WORK TASK >> What you return must match the listing below character for character, minus any pictures.

☆ ☆ ☆ ☆

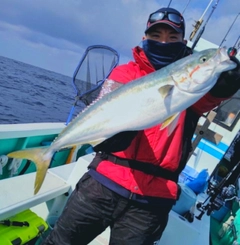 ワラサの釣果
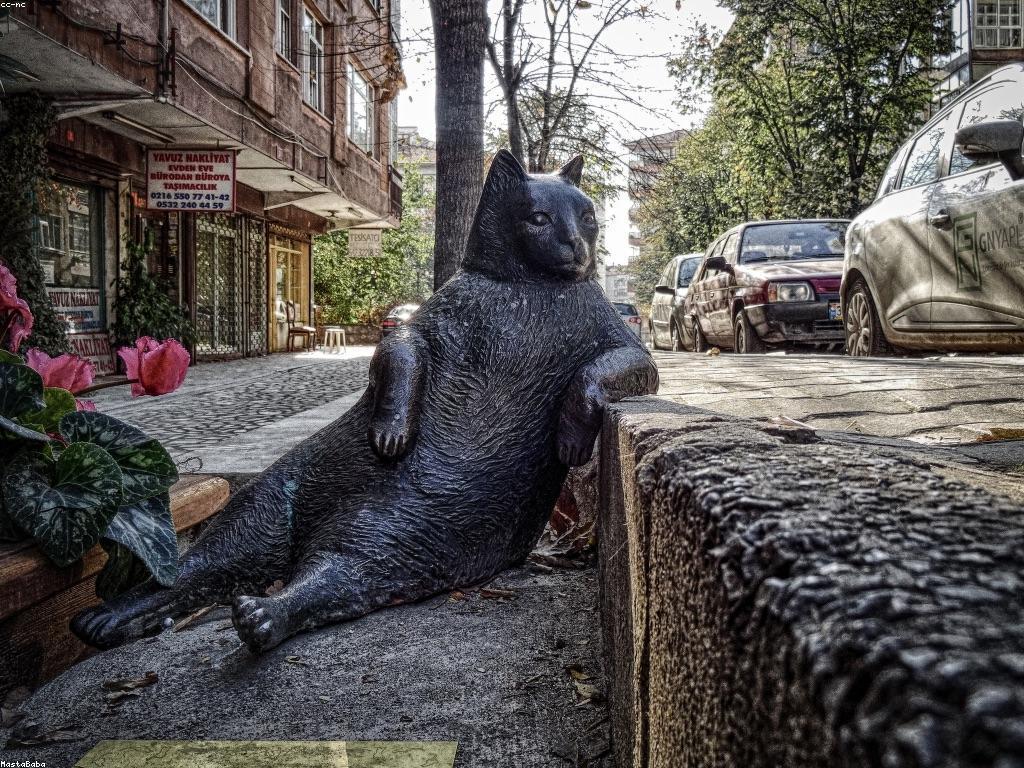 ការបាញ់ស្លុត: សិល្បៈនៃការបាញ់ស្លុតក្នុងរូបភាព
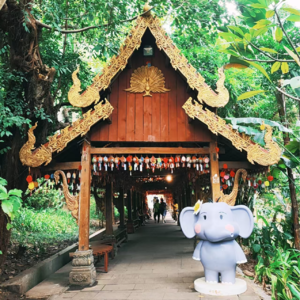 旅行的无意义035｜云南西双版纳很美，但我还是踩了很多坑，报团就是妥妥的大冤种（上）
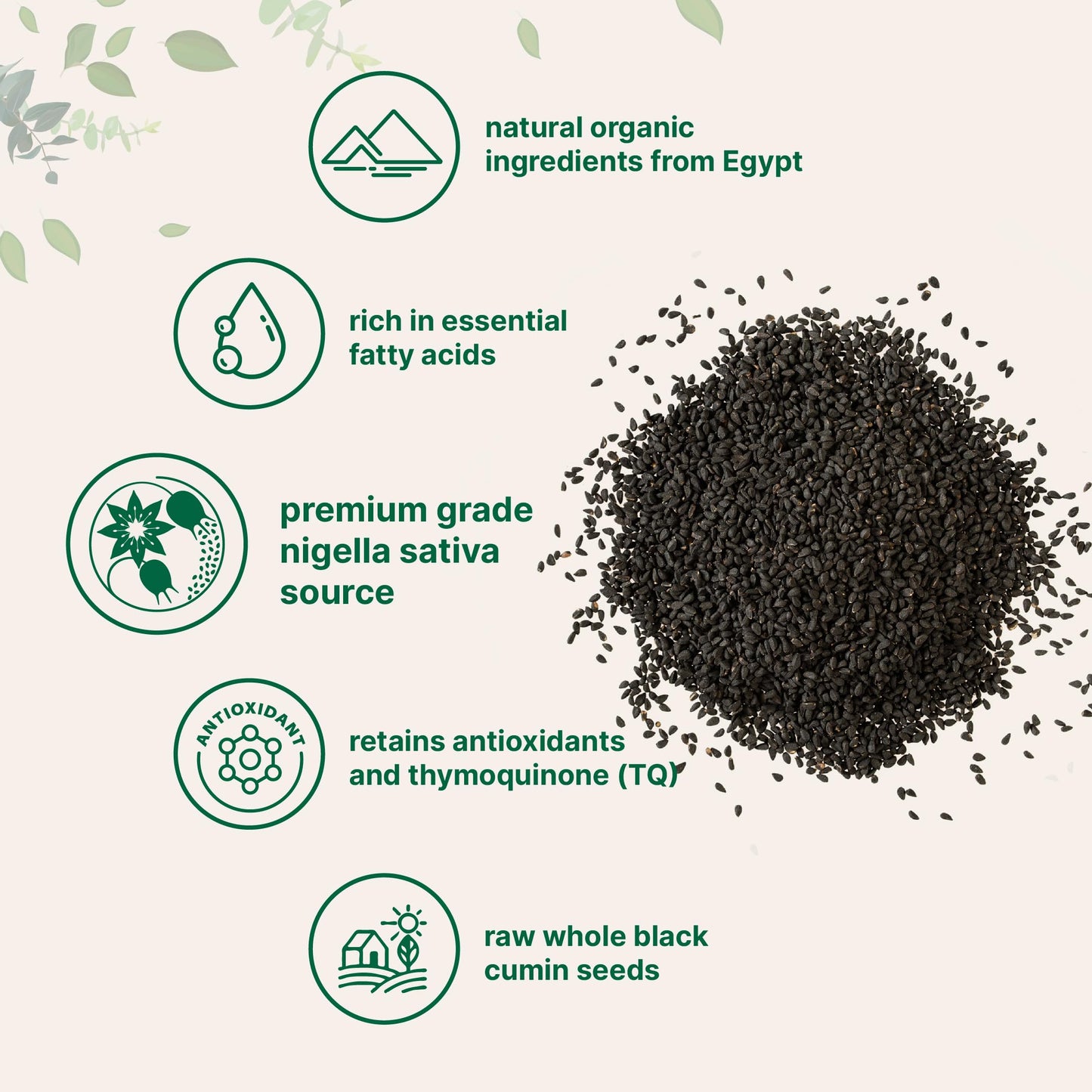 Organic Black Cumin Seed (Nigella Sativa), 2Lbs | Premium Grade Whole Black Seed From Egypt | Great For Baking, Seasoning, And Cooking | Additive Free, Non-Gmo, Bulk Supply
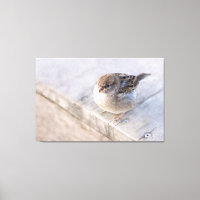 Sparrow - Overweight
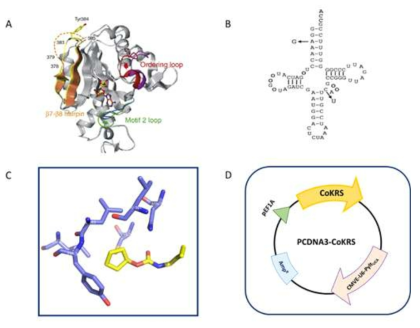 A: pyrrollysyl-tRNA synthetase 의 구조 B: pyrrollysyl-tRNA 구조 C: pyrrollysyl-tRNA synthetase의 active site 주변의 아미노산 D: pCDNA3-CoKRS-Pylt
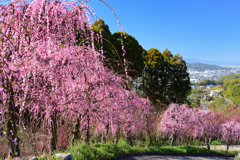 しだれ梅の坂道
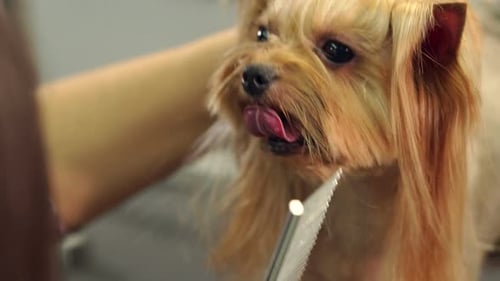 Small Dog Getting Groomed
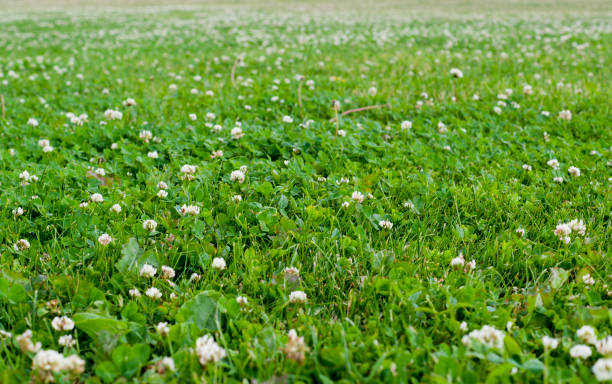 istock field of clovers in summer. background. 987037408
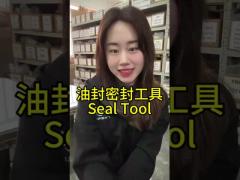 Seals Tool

☆ ☆ ☆ ☆

REPLY >>
 ワラサの釣果
 ការបាញ់ស្លុត: សិល្បៈនៃការបាញ់ស្លុតក្នុងរូបភាព
 旅行的无意义035｜云南西双版纳很美，但我还是踩了很多坑，报团就是妥妥的大冤种（上）
 Organic Black Cumin Seed (Nigella Sativa), 2Lbs | Premium Grade Whole Black Seed From Egypt | Great For Baking, Seasoning, And Cooking | Additive Free, Non-Gmo, Bulk Supply
 Sparrow - Overweight
 A: pyrrollysyl-tRNA synthetase 의 구조 B: pyrrollysyl-tRNA 구조 C: pyrrollysyl-tRNA synthetase의 active site 주변의 아미노산 D: pCDNA3-CoKRS-Pylt
 しだれ梅の坂道
 Small Dog Getting Groomed
 istock field of clovers in summer. background. 987037408
 Seals Tool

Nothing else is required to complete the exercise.